Data records
•••••
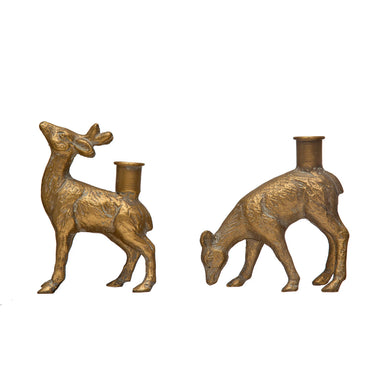 5-3/4"H Cast Iron Deer Taper Holder - Michigan Southern Charm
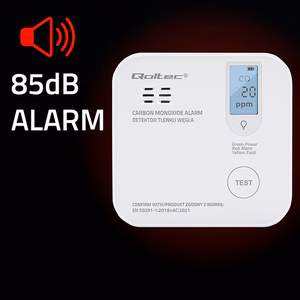 Qoltec 52577 Bezvadu oglekļa monoksīda (CO) sensors ar bateriju | sensora kalpošanas laiks 10 gadi | trauksme 85dB | LED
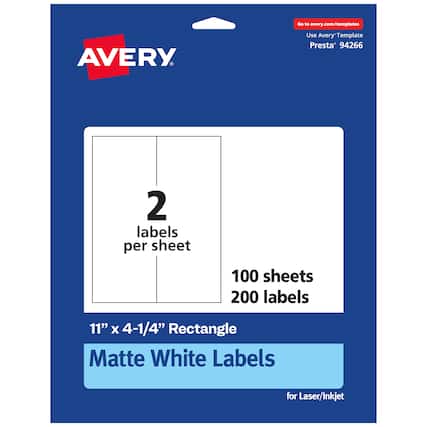 Go to avery.com/templates
AVERY
Use Avery™ Template Presta® 94266
2 labels per sheet
100 sheets
200 labels
11" x 4-1/4" Rectangle
Matte White Labels for Laser/Inkjet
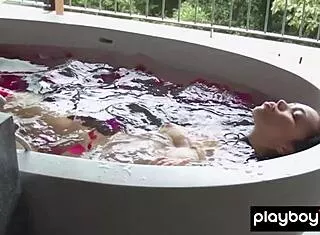 petite asian kit rysha strips poses small tits rose bath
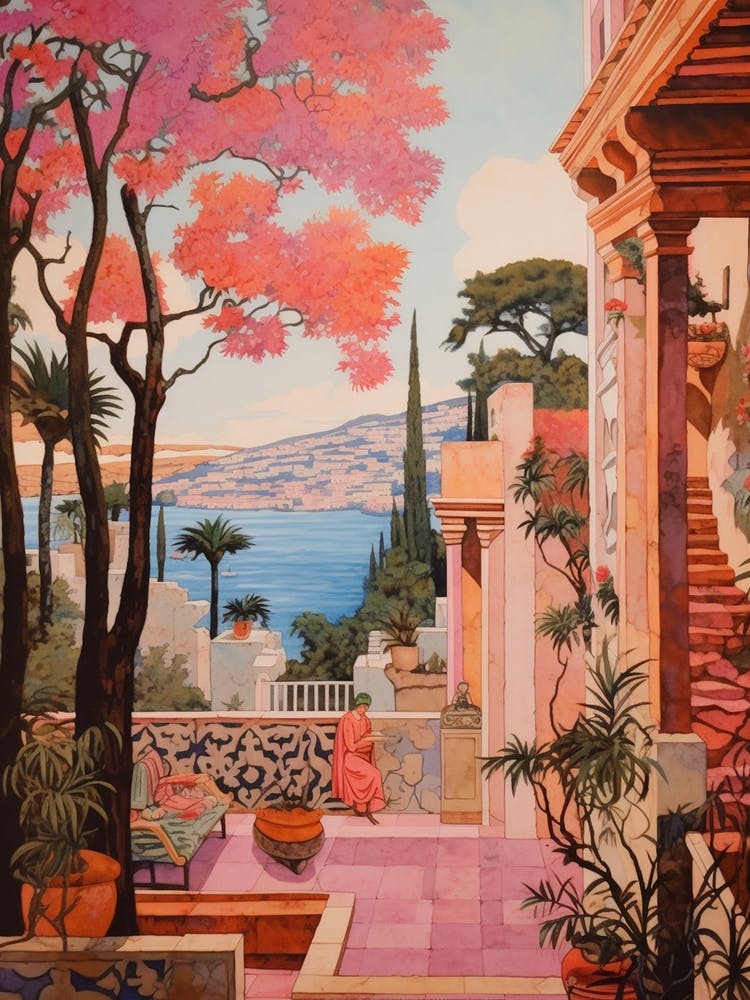 Bodrum Turkey 2 Vintage Pink Travel Illustration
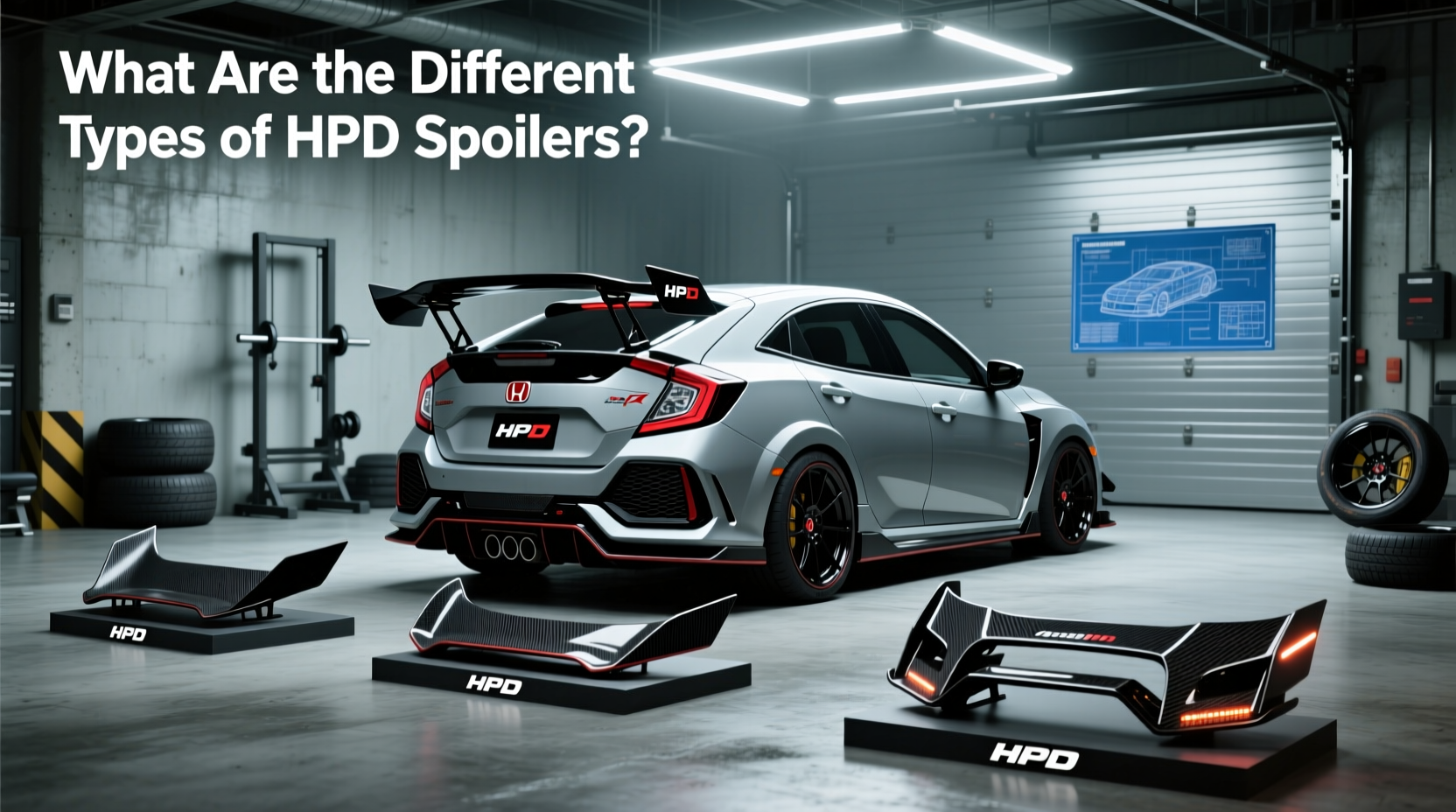 HPD spoiler on Honda Civic Hatchback showing aggressive rear profile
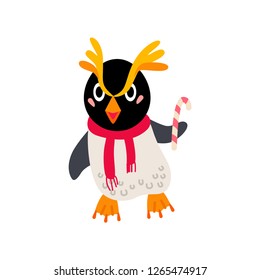 Christmas character penguin icon. Vector illustration isolated on white background. Xmas decoration in cartoon style. Traditional christmas element of holiday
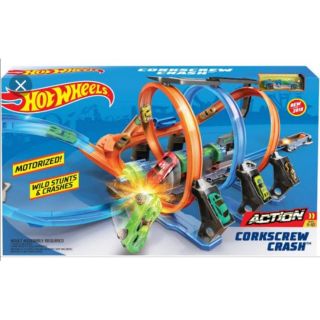 Hotwheels motorized Corkscrew crash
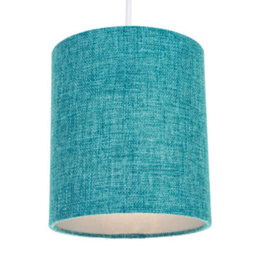 Happy Homewares Contemporary And Sleek Teal Linen Fabric 6 Cylindrical Lamp Shade 60W Maximum - thumbnail 2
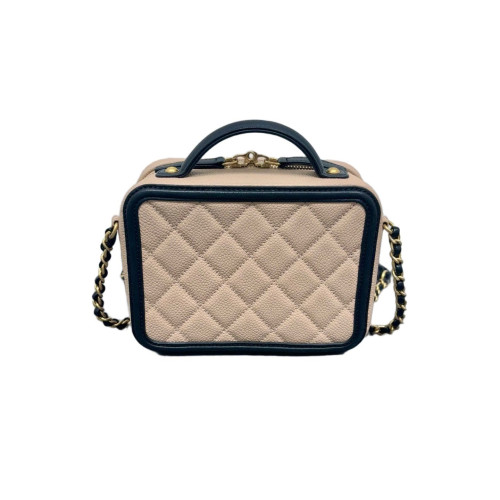 Chanel Quilted Small Vanity Case Grained Calfskin Beige Black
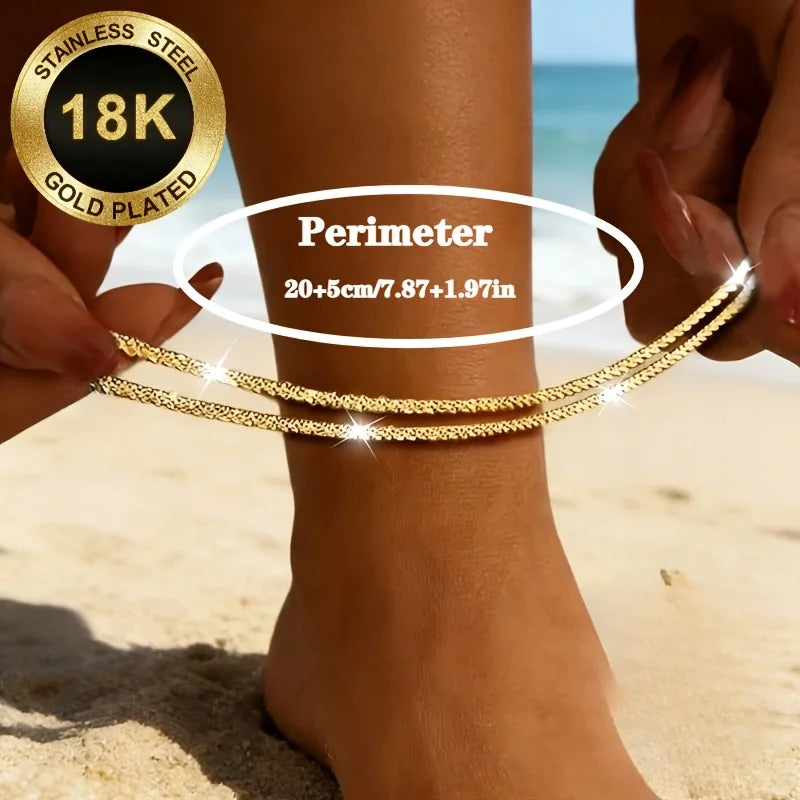 18K Gold Plated Stainless Steel Ankle Chain Set - 2 Pieces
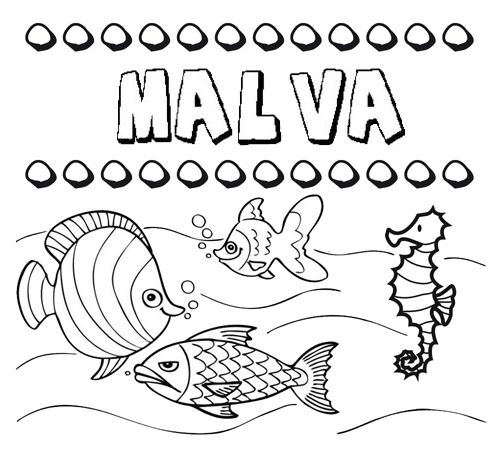 Desenhos do nome Malva para imprimir e colorir com as crianças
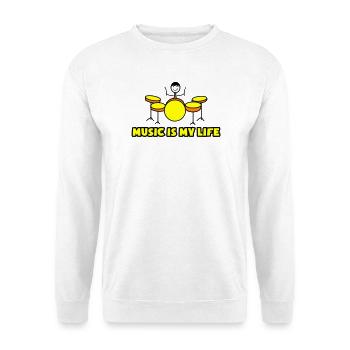 Musik ist mein Leben Drum-Logo - Unisex Pullover - Weiß - Vorne - Alina (178cm) & Michal (187cm)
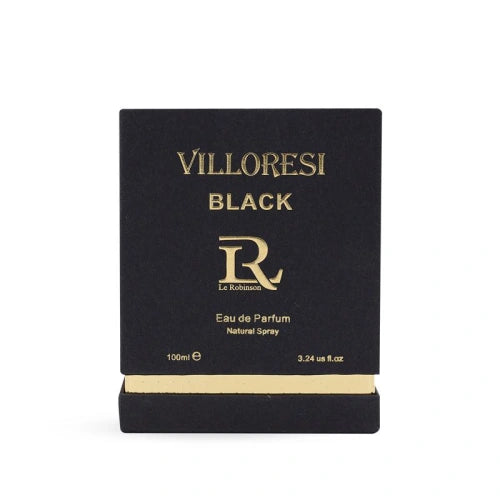A bottle of Rio Perfumes Le Robinson Villoresi Black 100ml Eau De Parfum on a white background.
•••••
● **TASK REQUIREMENTS**:
Do not copy pictures. Restate exactly the lines from the one containing "Bodrum Turkey 2" through the last line of the records.

● **RESPONSE TO THIS EXERCISE**:
 Bodrum Turkey 2 Vintage Pink Travel Illustration
 HPD spoiler on Honda Civic Hatchback showing aggressive rear profile
 Christmas character penguin icon. Vector illustration isolated on white background. Xmas decoration in cartoon style. Traditional christmas element of holiday
 Hotwheels motorized Corkscrew crash
 Happy Homewares Contemporary And Sleek Teal Linen Fabric 6 Cylindrical Lamp Shade 60W Maximum - thumbnail 2
 Chanel Quilted Small Vanity Case Grained Calfskin Beige Black
 18K Gold Plated Stainless Steel Ankle Chain Set - 2 Pieces
 Desenhos do nome Malva para imprimir e colorir com as crianças
 Musik ist mein Leben Drum-Logo - Unisex Pullover - Weiß - Vorne - Alina (178cm) & Michal (187cm)
A bottle of Rio Perfumes Le Robinson Villoresi Black 100ml Eau De Parfum on a white background.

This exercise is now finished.